**TASK TO CARRY OUT**:
Leave out every picture and set down, exactly, the lines below from the one holding "Horses at Sunset Paint By Numbers" up to and including the one holding "Alstroemeria Summer Break".

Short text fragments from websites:
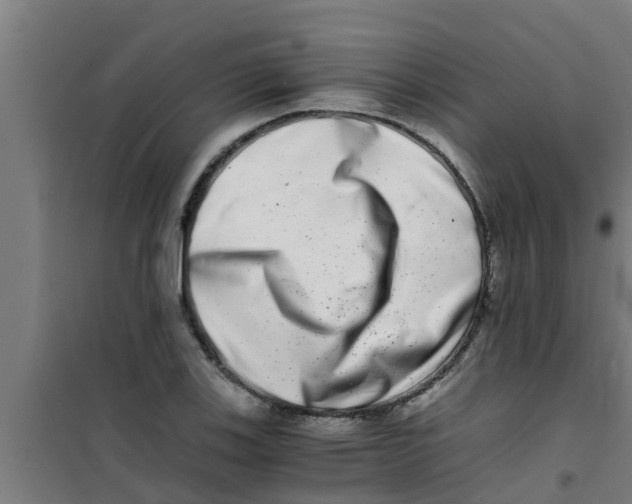 X0000100401123200807032007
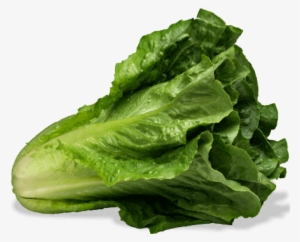 Romaine Lettuce - Lechuga Organica Png #980311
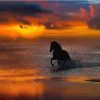 Horses at Sunset Paint By Numbers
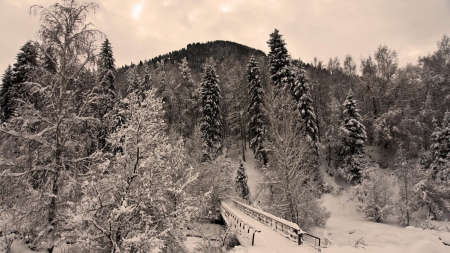 bridge in a winter scene in monochrome - river, winter, forest, monochrome, mountain, bridge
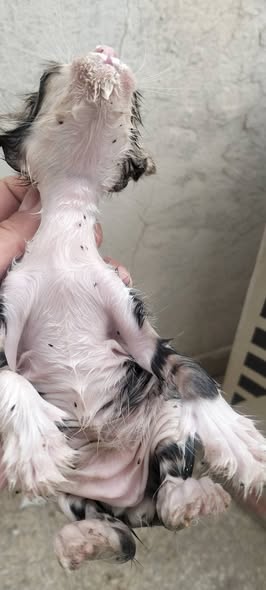 Chien à adopter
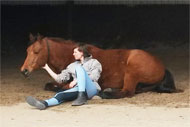 Workshop Schriktraining Paard en Pony Sfeerfoto (1)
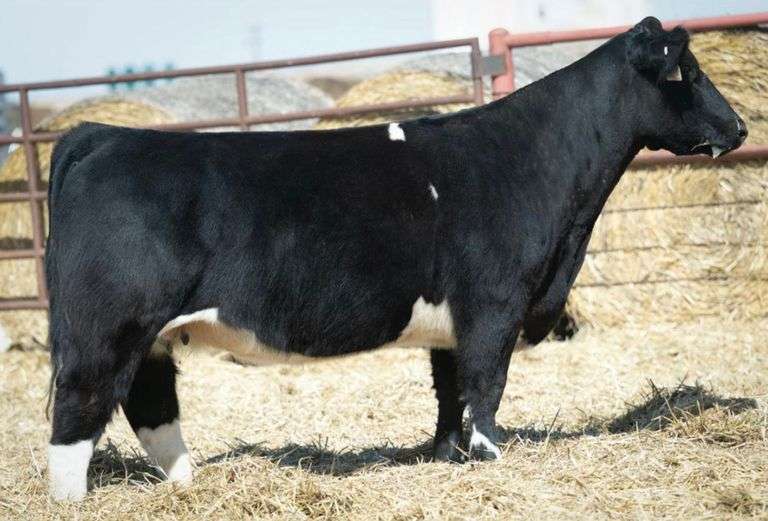 MIMMS 649 COW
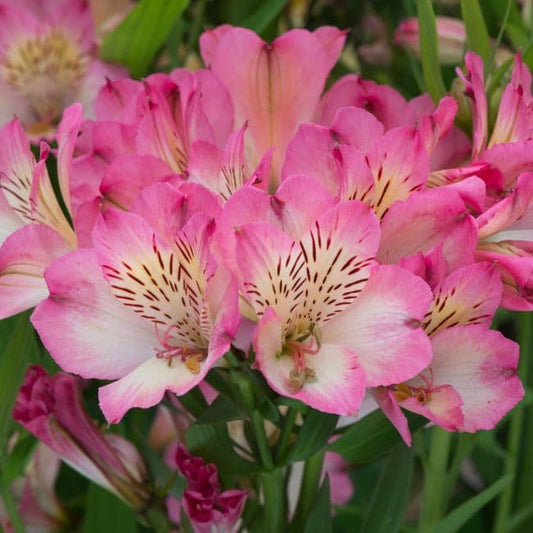 Alstroemeria Summer Break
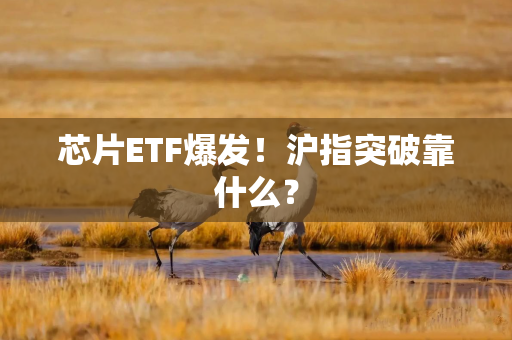 芯片ETF爆发！沪指突破靠什么？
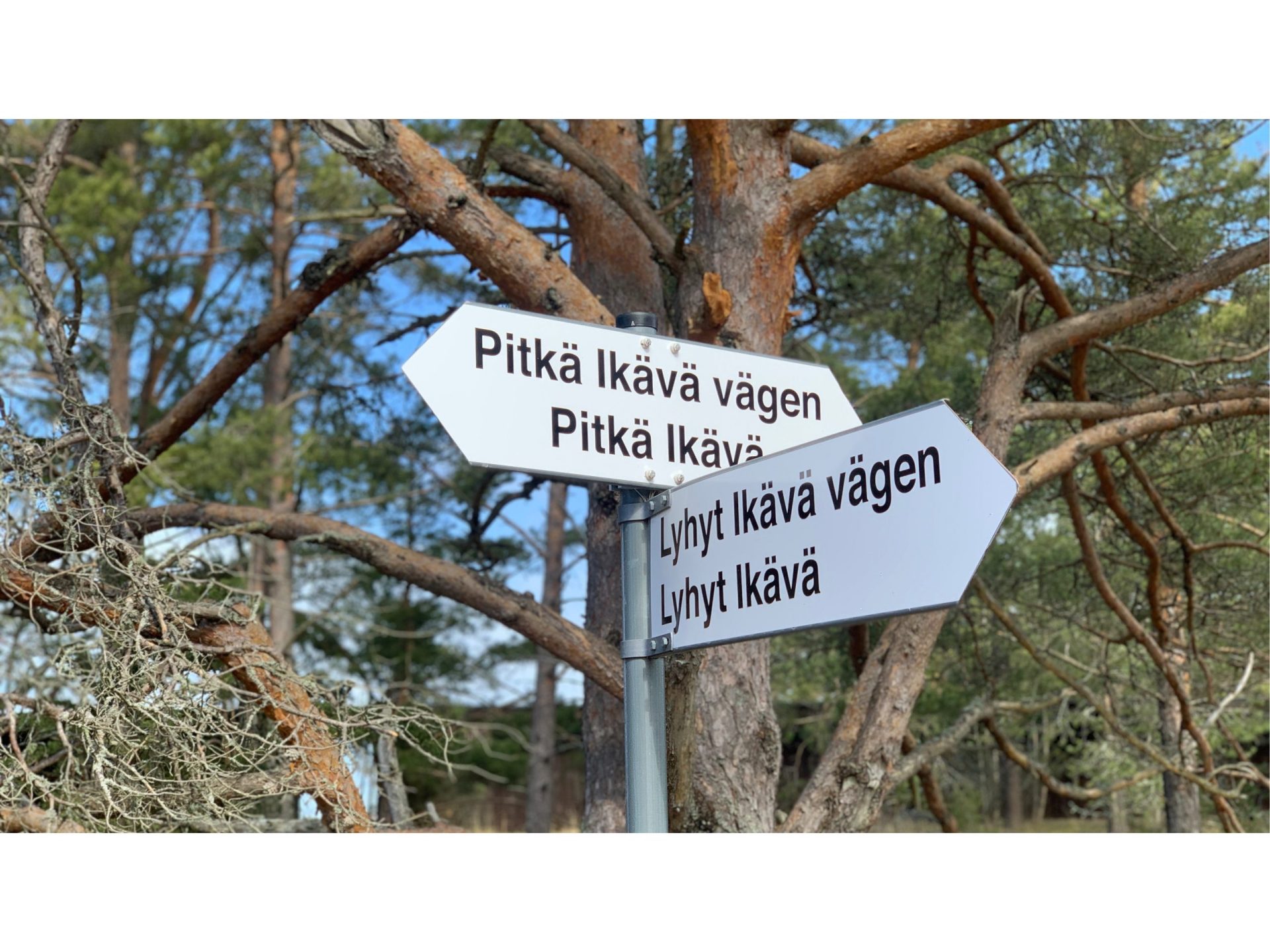 Kontorets vårutflykt till Skärgårdshavet – Bild 4 – Leppänen Arkitekter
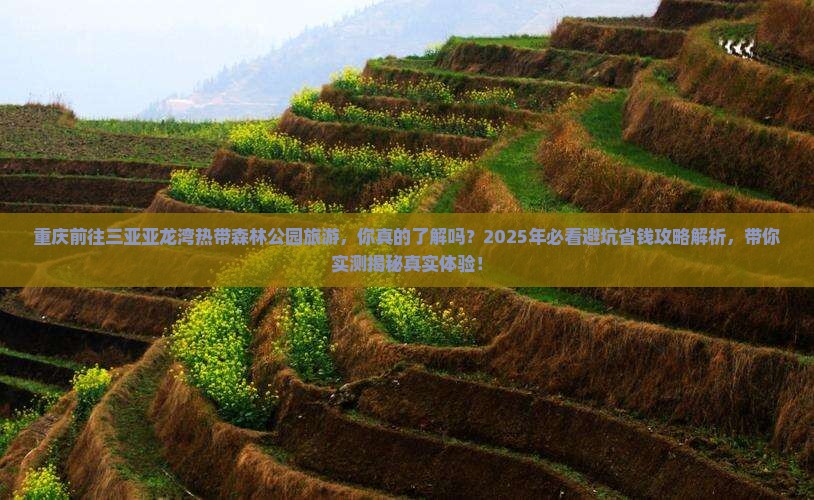 重庆前往三亚亚龙湾热带森林公园旅游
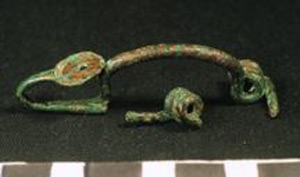Thumbnail of Fibula (1924.02.0121A)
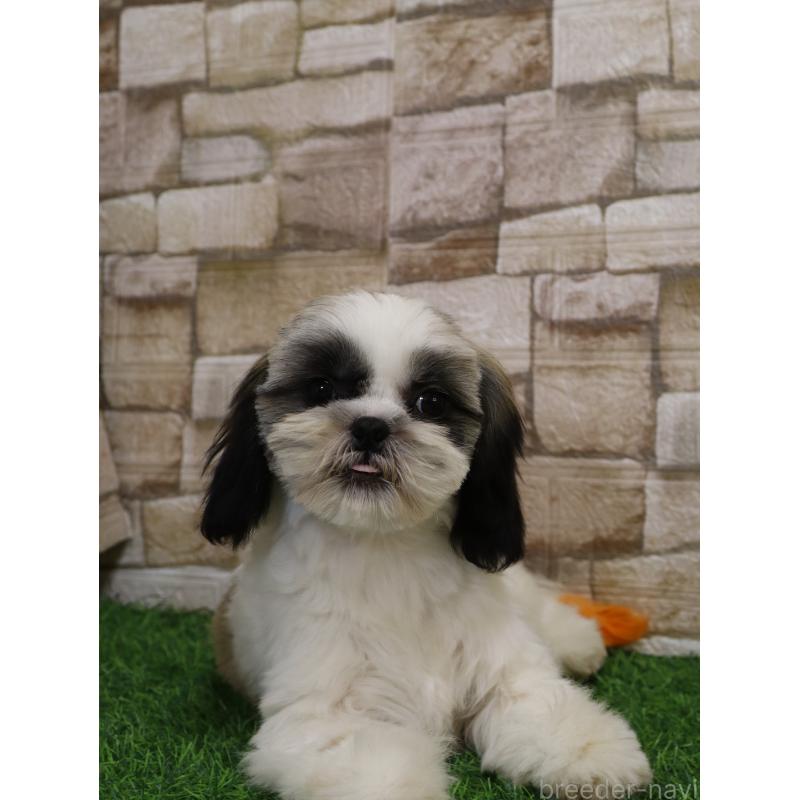 販売中の山口県のシーズー-436702の4枚目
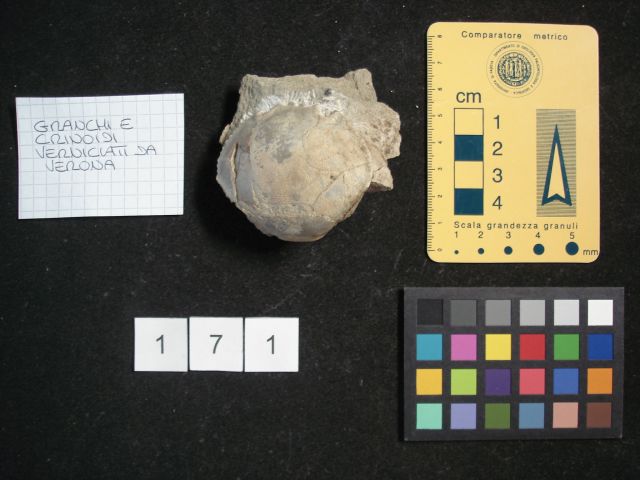 fossile (crostaceo, esemplare)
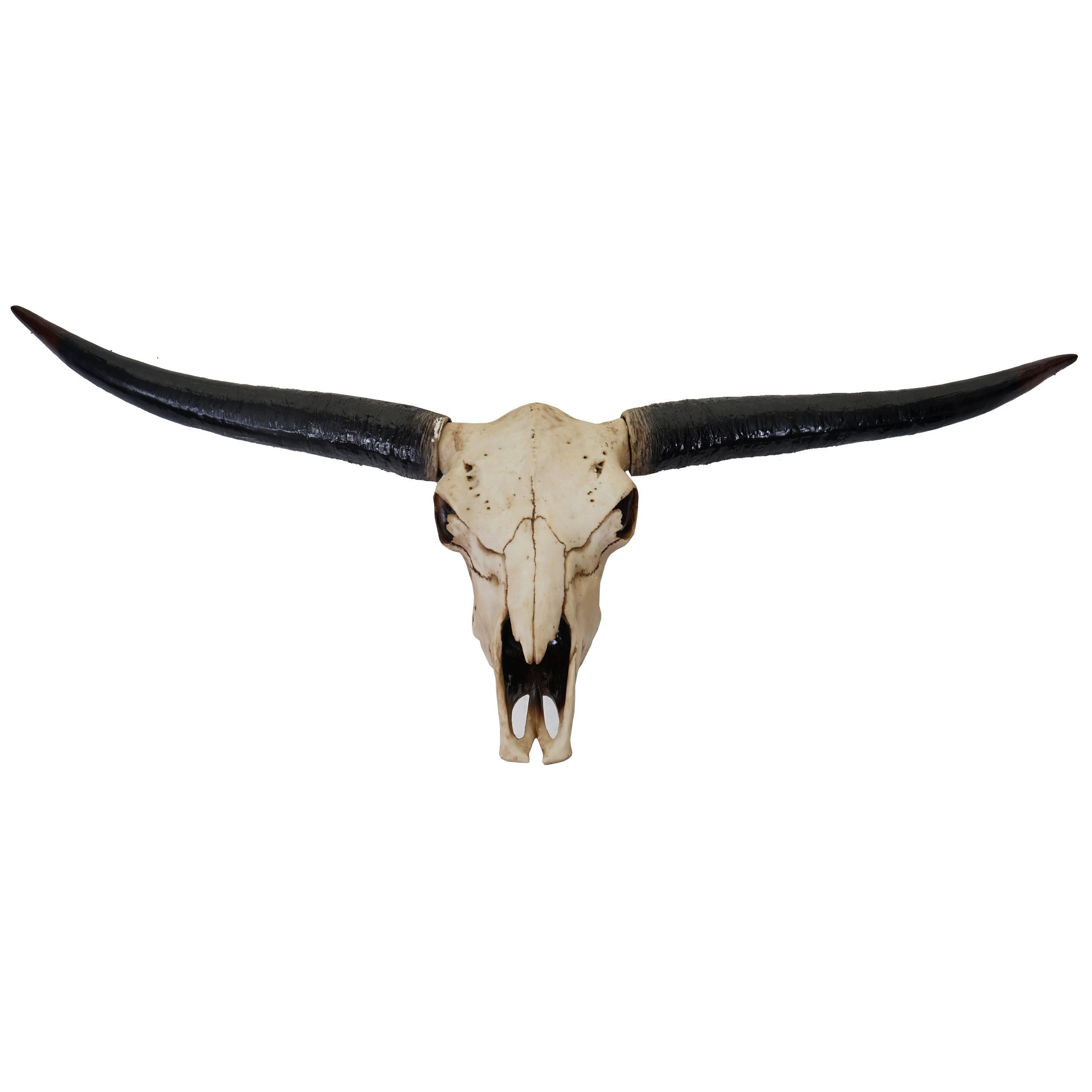 DEKO SCHÄDEL STIER Beige, Schwarz - Beige/Schwarz, Stein (132/56/15cm) - MCW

**ANSWER BELOW**:
 Horses at Sunset Paint By Numbers
 bridge in a winter scene in monochrome - river, winter, forest, monochrome, mountain, bridge
 Chien à adopter
 Workshop Schriktraining Paard en Pony Sfeerfoto (1)
 MIMMS 649 COW
 Alstroemeria Summer Break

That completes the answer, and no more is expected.